Most Bitcoin cycle models on the retail internet are built by anonymous Twitter accounts or crypto-native creators with no exposure to traditional multi-factor risk management. I built mine after 10 years running allocated institutional capital at a Sydney proprietary trading firm, applying the same risk framework I used for institutional books to the specific question of where Bitcoin sits in its cycle.

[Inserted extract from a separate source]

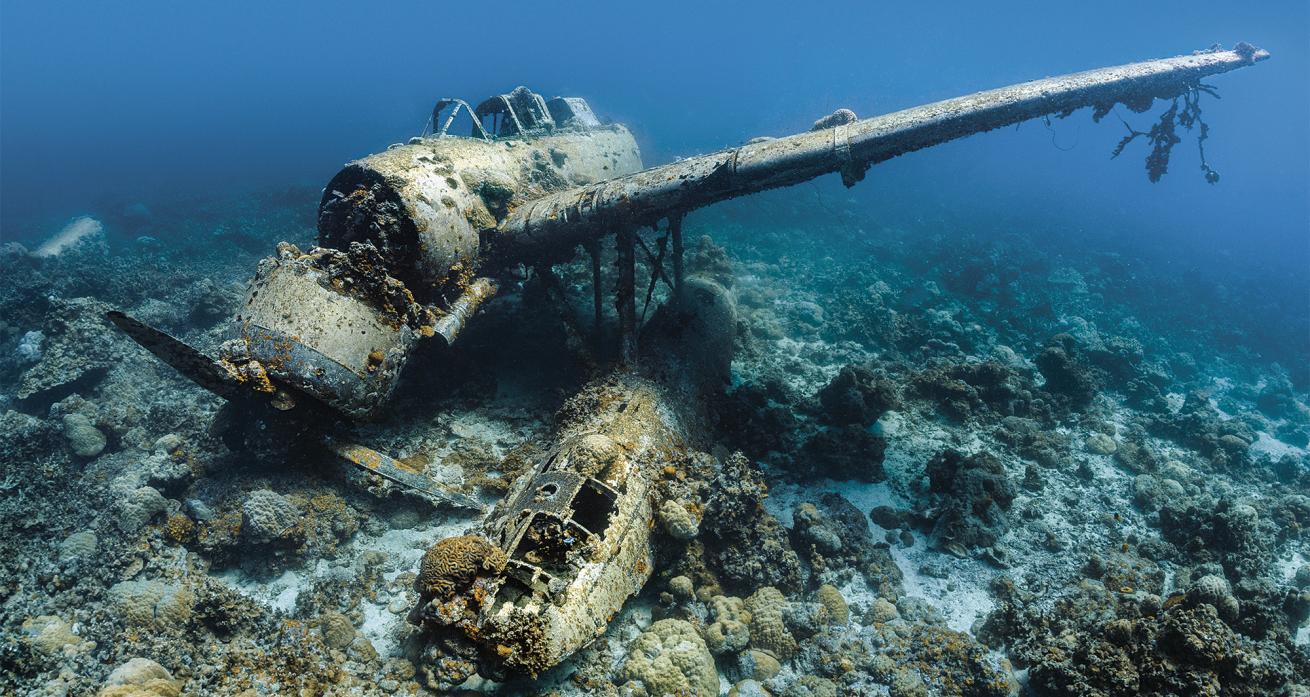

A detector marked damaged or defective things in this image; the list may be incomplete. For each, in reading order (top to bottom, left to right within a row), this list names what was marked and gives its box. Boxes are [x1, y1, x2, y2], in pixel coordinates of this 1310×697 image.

The short answer: no single indicator survives all three Bitcoin cycles. The longer answer is a 48-signal confluence framework that I will walk through in this article.
If you would rather just see the live model, it is free and unlocked at the link at the end of this piece. If you want to understand the methodology before you trust the number, read on.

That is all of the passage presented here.